Flitter knows every customer, every pair of glasses they’ve ever bought from him, and probably what their next pair should be. When the customer leaves 15 minutes later, after some sweet flirty banter with Harrelyn, Flitter points out that he has left almost $1,400 worth of glasses at the shop without any sort of receipt. The customers trust him.

FLITTER KNOWS EVERY CUSTOMER, EVERY PAIR OF GLASSES THEY’VE EVER BOUGHT FROM HIM, AND PROBABLY WHAT THEIR NEXT PAIR SHOULD BE.

“I’ve had to ‘fire’ three customers,” Flitter cracks. “Two apologized and I took them back. One guy never came back, but he also threatened to kill me.” There’s barely time to process that story when he’s on to the next: “I was supposed to meet my customer Karen last week, but I stabbed myself in the foot…” (It was a dropped box cutter that sliced his foot, and he ended up with three stitches. He’s fine.)

Karen is a customer from his Bel Air location, which opened in 2013. He assumed ownership from optician Bruce Linder before he passed away of cancer. Linder’s shop on Main Street had been a fixture for 37 years and, knowing how sick he was, he wanted to be assured that his customers were in good hands.
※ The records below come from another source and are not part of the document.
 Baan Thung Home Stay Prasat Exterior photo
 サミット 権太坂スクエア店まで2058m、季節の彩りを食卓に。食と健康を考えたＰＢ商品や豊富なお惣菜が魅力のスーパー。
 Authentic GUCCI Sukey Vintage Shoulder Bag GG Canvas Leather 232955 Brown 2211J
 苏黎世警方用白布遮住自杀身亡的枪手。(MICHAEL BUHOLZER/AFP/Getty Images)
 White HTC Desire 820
It took some convincing from Linder, but over a five-hour lunch—“we both like to talk”—Flitter felt like the two were kindred spirits and eventually agreed to the purchase.
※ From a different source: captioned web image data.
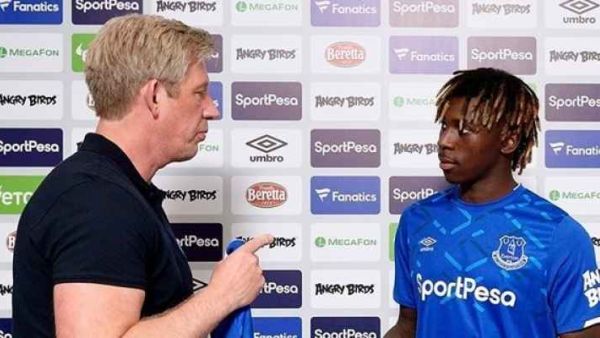 كين بقميص إيفرتون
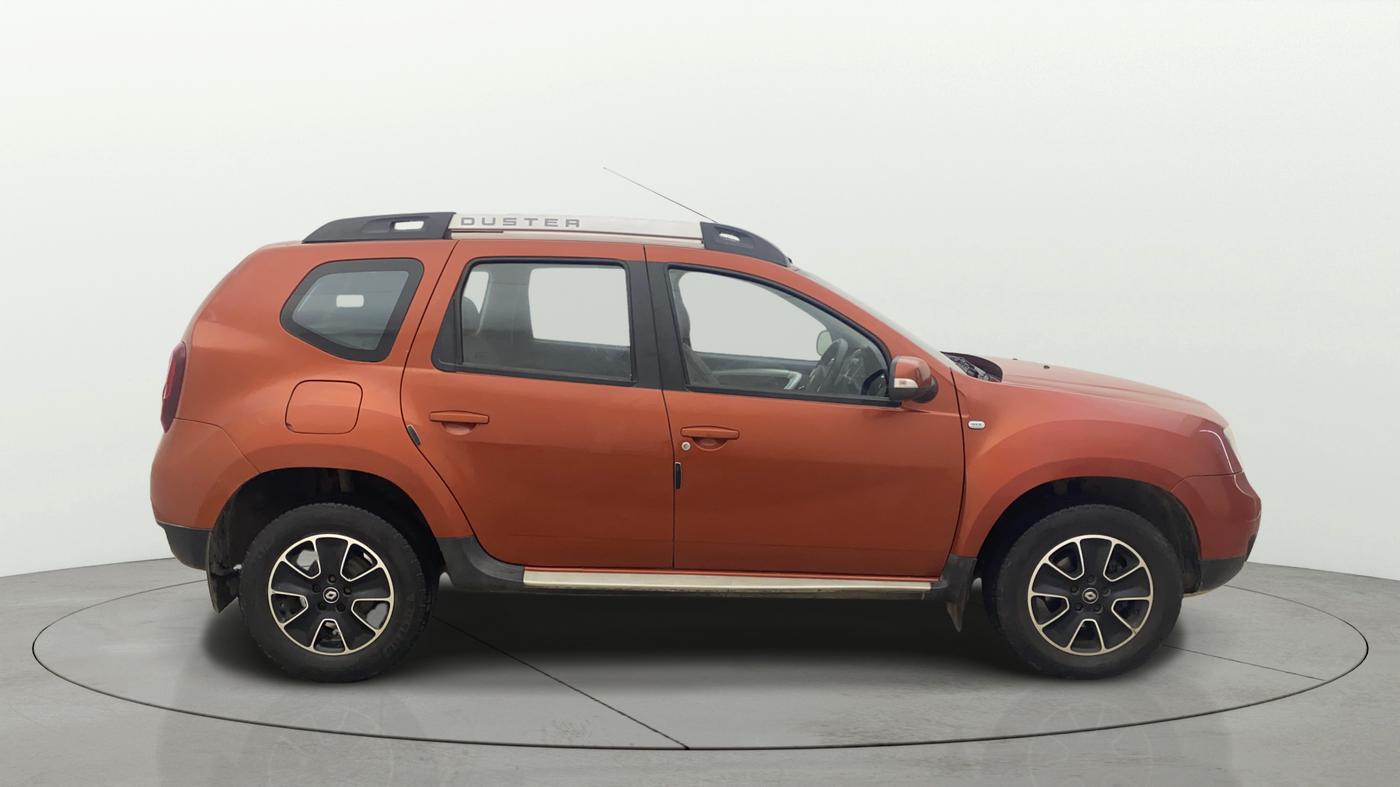 2016 Renault Duster 110 PS RXZ 4X2 AMT DIESEL, Diesel, Automatic, 77,235 km, Right Side View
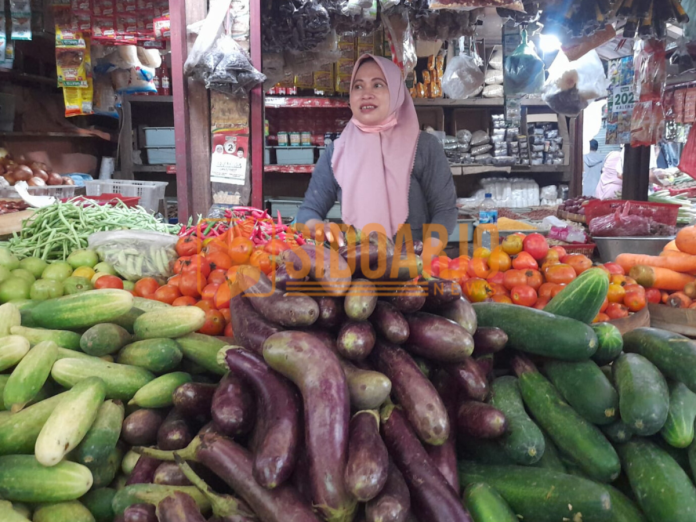 Salah satu pedagang cabe dan sayur-sayuran di Pasar Larangan, Sidoarjo/Foto: Dok. Sidoarjonews.id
So, now it’s been 10 years of running two stores—through a pandemic, through the rise of discount eyewear brand Warby Parker, through two burglaries. And Paris West perseveres.

“We’re at this weird place where there’s less and less small businesses and less and less personalized service,” observes Flitter. “There’s less artisans and a lot of mass-produced commoditized things.”
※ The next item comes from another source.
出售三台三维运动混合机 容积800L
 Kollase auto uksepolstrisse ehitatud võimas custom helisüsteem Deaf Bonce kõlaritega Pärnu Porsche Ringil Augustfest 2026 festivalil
Yet, 90 percent of what he sells are lines that people haven’t heard of before. These companies are Flitter’s favorite—the small-batch, independently-owned brands that have been in business for a century.

After a few lean years Flitter wasn’t sure if that mattered to his customers. But then people started coming back. “They’re dropping off their Warby Parker glasses to donate, and we were getting more referrals and we started getting more young people,” he says. And he noticed it was the “young people” who appreciated the selection but especially the customer service. “If you buy something from a big chain, you’re never going to talk to the owner, much less the CEO of the company,” he notes. And yet here was a CEO who remembered everything about them—including their prescription strength.

But regardless of all that, Flitter spends a lot of time talking with his therapist about imposter syndrome. “I feel like I shouldn’t be doing this. I shouldn’t be running a business,” he says. Sometimes he focuses on what he didn’t do instead of everything he did. “I’m not a doctor. I’m not even officially trained. I just learned on the job as an apprentice. I didn’t go to school.”

All around him activity is happening at Paris West. The phone is ringing, orders are being processed, a customer is looking at frames. Despite his self-doubt, the shop is doing exactly what it should.

“I always have this fear that things are going to end,” Flitter says, “but that probably just keeps me moving.”